The purpose of this notebook is to demonstrate the functionality of the `VARReduce` model from sktime. We will compare its performance with the traditional `VAR` model to highlight their similar behavior under default settings. Additionally, we will showcase how `VARReduce` can be leveraged for regularization in scenarios involving large time series datasets, offering enhanced model performance and robustness.

Vector Autoregression (VAR) is a powerful statistical tool used to capture the linear interdependencies among multiple time series. Despite its complex applications, the core mechanism of fitting a VAR model is fundamentally an extension of linear regression. This article explores how we can reframe the VAR fitting process into a more flexible framework by leveraging different types of regressors, including those that provide regularization.

### Reframing VAR Model Fitting: From Linear Regression to Regularized Approaches

Vector Autoregression (VAR) is a powerful statistical tool used to capture the linear interdependencies among multiple time series. Despite its complex applications, the core mechanism of fitting a VAR model is fundamentally an extension of linear regression. This article explores how we can reframe the VAR fitting process into a more flexible framework by leveraging different types of regressors, including those that provide regularization.

#### Understanding Linear Regression

Linear regression models the relationship between a dependent variable \( y \) and one or more independent variables \( X \). The model is expressed as:

\[ y_t = \beta_0 + \beta_1 x_{1t} + \beta_2 x_{2t} + \cdots + \beta_p x_{pt} + \epsilon_t \]

Here:
- \( y_t \) is the dependent variable at time \( t \).
- \( x_{it} \) are the independent variables at time \( t \).
- \( \beta_0, \beta_1, \ldots, \beta_p \) are the coefficients.
- \( \epsilon_t \) is the error term.

The goal is to estimate the coefficients \( \beta \) that minimize the sum of squared errors.

#### The VAR Model

A VAR model generalizes this concept to multiple time series.
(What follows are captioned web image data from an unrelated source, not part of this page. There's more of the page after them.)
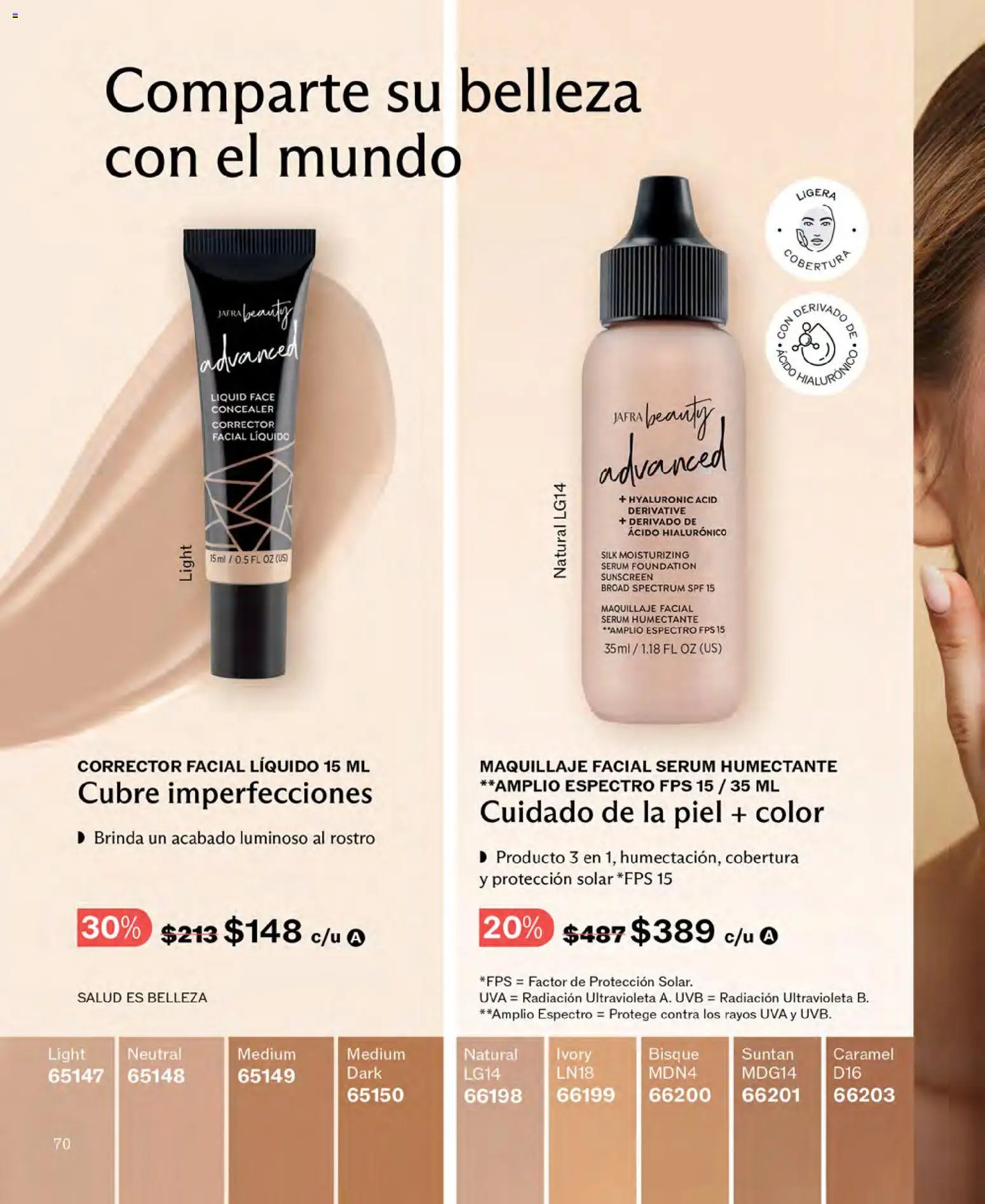 Nuevas ofertas de JAFRA válidas en toda la República Mexicana desde el 01.04.2026. ¡Encuentra las mejores ofertas en JAFRA catálogo! | Página: 70 | Productos: Serum, Uva, Maquillaje, Corrector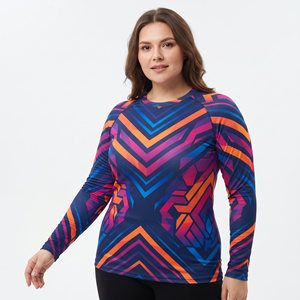 Women Long Sleeve Rash Guard Top Full Sleeve Sublimation Printed Sportswear <b>Compression</b> <b>Shirt</b> Plus Size Yoga Exercise Tee <b>Shirt</b> - Product Image 2
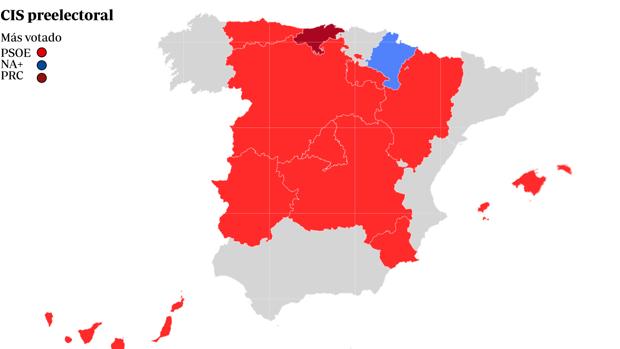 El CIS anticipa una victoria del PSOE en todas las comunidades menos Cantabria y Navarra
For \( k \) time series variables \( y_{1,t}, y_{2,t}, \ldots, y_{k,t} \), a VAR model of order \( p \) (VAR(p)) is:

\[ 
\begin{aligned}
y_{1,t} &= c_1 + \sum_{j=1}^{k} \sum_{l=1}^{p} \beta_{1j,l} y_{j,t-l} + \epsilon_{1,t} \\
y_{2,t} &= c_2 + \sum_{j=1}^{k} \sum_{l=1}^{p} \beta_{2j,l} y_{j,t-l} + \epsilon_{2,t} \\
&\vdots \\
y_{k,t} &= c_k + \sum_{j=1}^{k} \sum_{l=1}^{p} \beta_{kj,l} y_{j,t-l} + \epsilon_{k,t} 
\end{aligned}
\]

Here:
- \( y_{i,t} \) is the value of the \( i \)-th time series at time \( t \).
- \( c_i \) are the intercepts.
- \( \beta_{ij,l} \) are the coefficients for the \( j \)-th variable's \( l \)-lag effect on the \( i \)-th variable.
- \( \epsilon_{i,t} \) are the error terms.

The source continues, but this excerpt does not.